The purpose of this post is to introduce you to Oracle Streams concepts. You will learn about the various components that make up the Oracle Streams technology. Towards the end, you will find practical examples detailing how to implement Oracle Streams CDC in a production environment.
What is Oracle Streams?
Oracle Streams is a replication technology that enables real-time data integration across systems. The Streams feature was introduced in the Oracle database in version 9i. It allows you to track change data from the operational system(s) as they occur and then apply that in a staging database for further processing as part of an Extract/Transform/Load (ETL) process.
The Oracle Streams technology efficiently identifies and captures all data that has been changed during a transaction and who made them. It quickly identifies and processes only the changed data: Not entire tables.
To guarantee transactional consistency for changes across multiple source tables, Oracle Streams leverages mature technologies such as:
- Advanced Queuing
- Log Miner
- Triggers
Oracle assumes complete change management responsibility by applying implicit capture to automatically capture changes. Oracle Streams will capture and distribute database updates, events, and application messages. It will automatically apply updates to destination databases, or pass events and messages to custom procedures and applications.
Providing a high-quality ETL solution can be a difficult task if you have a large volume of data.
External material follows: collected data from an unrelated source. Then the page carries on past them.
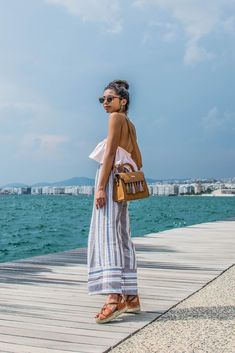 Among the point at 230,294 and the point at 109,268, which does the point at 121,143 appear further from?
the point at 230,294

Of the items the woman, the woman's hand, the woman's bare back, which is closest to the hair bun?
the woman

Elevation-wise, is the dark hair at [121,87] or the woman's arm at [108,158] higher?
the dark hair at [121,87]

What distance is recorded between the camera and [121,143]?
4.23 metres

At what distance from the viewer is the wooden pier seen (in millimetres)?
3650

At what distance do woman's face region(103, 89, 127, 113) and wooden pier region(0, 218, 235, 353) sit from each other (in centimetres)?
160

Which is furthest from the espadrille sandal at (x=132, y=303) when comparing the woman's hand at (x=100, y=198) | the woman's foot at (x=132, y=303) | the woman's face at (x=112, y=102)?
the woman's face at (x=112, y=102)

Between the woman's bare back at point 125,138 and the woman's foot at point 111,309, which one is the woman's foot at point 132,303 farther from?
the woman's bare back at point 125,138

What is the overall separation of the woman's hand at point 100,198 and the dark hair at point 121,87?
2.29 feet

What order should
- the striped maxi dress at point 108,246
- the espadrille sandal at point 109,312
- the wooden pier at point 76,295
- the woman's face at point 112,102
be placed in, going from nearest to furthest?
the wooden pier at point 76,295
the espadrille sandal at point 109,312
the striped maxi dress at point 108,246
the woman's face at point 112,102

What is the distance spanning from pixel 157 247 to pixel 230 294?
153 inches

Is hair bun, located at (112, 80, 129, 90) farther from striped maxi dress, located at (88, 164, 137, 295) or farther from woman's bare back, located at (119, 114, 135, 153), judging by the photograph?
striped maxi dress, located at (88, 164, 137, 295)

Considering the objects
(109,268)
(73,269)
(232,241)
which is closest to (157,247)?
(232,241)

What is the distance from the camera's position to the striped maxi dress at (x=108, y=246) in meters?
4.15

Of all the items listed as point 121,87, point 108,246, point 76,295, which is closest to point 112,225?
point 108,246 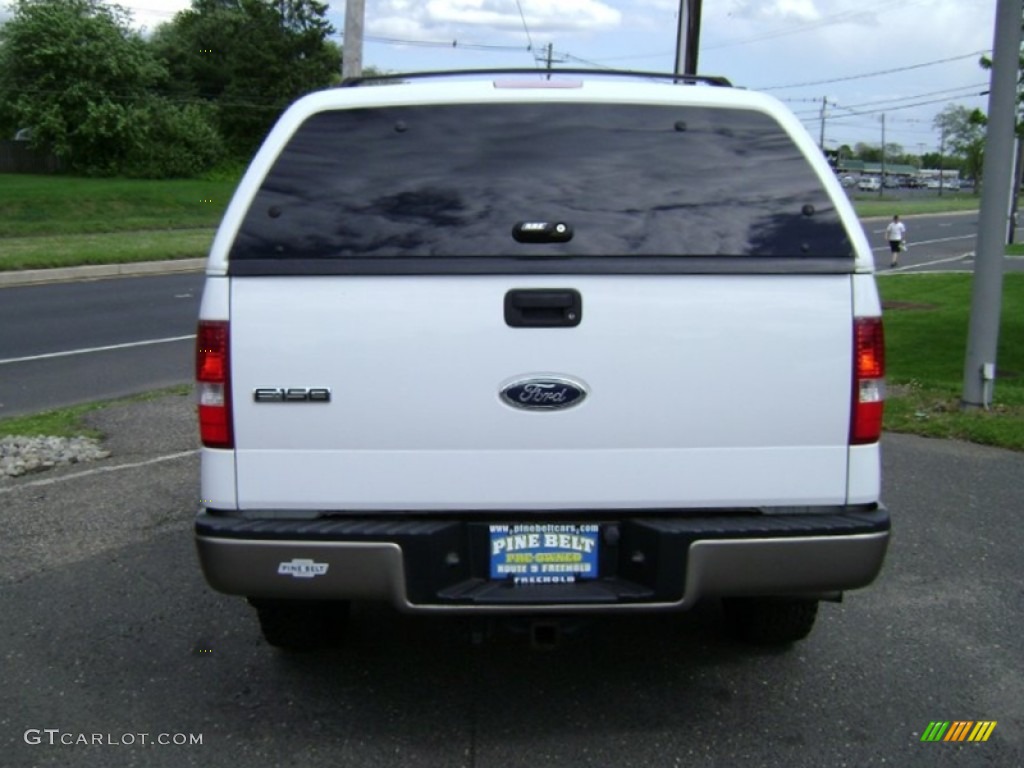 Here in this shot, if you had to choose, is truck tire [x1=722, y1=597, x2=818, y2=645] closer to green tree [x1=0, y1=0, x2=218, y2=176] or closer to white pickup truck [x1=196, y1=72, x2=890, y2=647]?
white pickup truck [x1=196, y1=72, x2=890, y2=647]

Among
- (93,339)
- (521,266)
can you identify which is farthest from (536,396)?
(93,339)

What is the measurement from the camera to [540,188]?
134 inches

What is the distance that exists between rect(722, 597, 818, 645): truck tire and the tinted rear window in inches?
55.5

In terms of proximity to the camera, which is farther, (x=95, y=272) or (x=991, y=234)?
(x=95, y=272)

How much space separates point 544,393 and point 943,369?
8.34 metres

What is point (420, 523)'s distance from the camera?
3.32 metres

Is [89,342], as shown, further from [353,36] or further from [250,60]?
[250,60]

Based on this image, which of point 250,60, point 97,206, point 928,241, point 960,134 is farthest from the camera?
point 960,134

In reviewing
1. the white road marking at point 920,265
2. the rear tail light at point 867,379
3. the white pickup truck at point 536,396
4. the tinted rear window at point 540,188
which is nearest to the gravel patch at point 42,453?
the white pickup truck at point 536,396

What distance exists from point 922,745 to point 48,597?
3.50 meters

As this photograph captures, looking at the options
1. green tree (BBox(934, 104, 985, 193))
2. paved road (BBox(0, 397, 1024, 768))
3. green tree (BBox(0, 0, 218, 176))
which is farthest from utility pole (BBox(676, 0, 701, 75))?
green tree (BBox(934, 104, 985, 193))

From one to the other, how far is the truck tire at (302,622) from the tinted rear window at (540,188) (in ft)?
4.32

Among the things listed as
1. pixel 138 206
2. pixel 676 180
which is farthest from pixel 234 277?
pixel 138 206

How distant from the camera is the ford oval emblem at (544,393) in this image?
3.26 metres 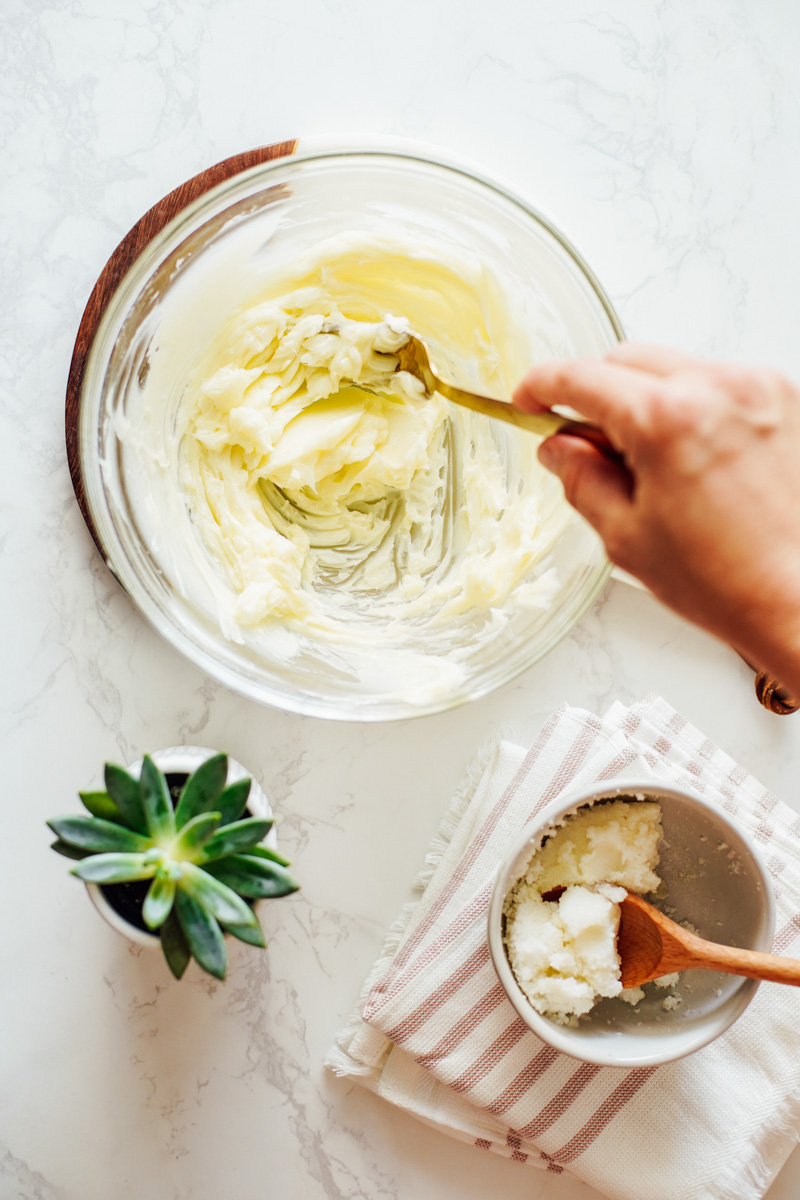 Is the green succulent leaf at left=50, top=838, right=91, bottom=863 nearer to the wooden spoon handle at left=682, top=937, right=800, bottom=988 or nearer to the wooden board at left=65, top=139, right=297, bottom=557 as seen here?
the wooden board at left=65, top=139, right=297, bottom=557

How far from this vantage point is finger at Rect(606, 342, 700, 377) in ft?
2.34

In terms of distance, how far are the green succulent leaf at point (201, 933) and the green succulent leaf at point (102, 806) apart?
0.11m

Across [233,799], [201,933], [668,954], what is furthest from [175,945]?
[668,954]

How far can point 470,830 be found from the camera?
1179mm

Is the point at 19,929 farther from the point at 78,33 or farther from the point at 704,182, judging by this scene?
the point at 704,182

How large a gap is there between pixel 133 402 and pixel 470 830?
723 mm

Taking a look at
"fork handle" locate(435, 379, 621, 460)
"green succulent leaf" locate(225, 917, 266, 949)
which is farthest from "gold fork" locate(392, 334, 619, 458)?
"green succulent leaf" locate(225, 917, 266, 949)

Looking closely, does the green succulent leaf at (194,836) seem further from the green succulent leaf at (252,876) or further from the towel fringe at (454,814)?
the towel fringe at (454,814)

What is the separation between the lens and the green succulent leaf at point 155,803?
83 cm

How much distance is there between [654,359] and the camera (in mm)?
726

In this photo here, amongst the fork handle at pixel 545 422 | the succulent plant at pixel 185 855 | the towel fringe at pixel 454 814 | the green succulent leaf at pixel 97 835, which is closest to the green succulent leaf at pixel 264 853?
the succulent plant at pixel 185 855

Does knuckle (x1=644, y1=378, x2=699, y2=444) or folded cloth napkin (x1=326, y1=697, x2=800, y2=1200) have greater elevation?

Hevo’s automated, No-code platform empowers you with everything you need to have for a smooth Oracle data replication experience.
Check out what makes Hevo amazing:
- Live Monitoring & Support: Hevo provides live data flow monitoring and 24/5 customer support via chat, email, and calls.
- Secure & Reliable: Hevo’s fault-tolerant architecture ensures secure, consistent data handling with zero loss and automatic schema management.
- User-Friendly & Scalable: Hevo’s simple UI makes it easy for new users, while its horizontal scaling manages growing data volumes with minimal latency.
Get Started with Hevo for Free
Oracle Streams vs Traditional CDC
- The major difference between Oracle Streams and traditional Change Data Capture is that CDC captures inserts, updates, and deletes made to tables while on the other hand Streams goes even further by capturing event capture, transport (transformation) and consumption.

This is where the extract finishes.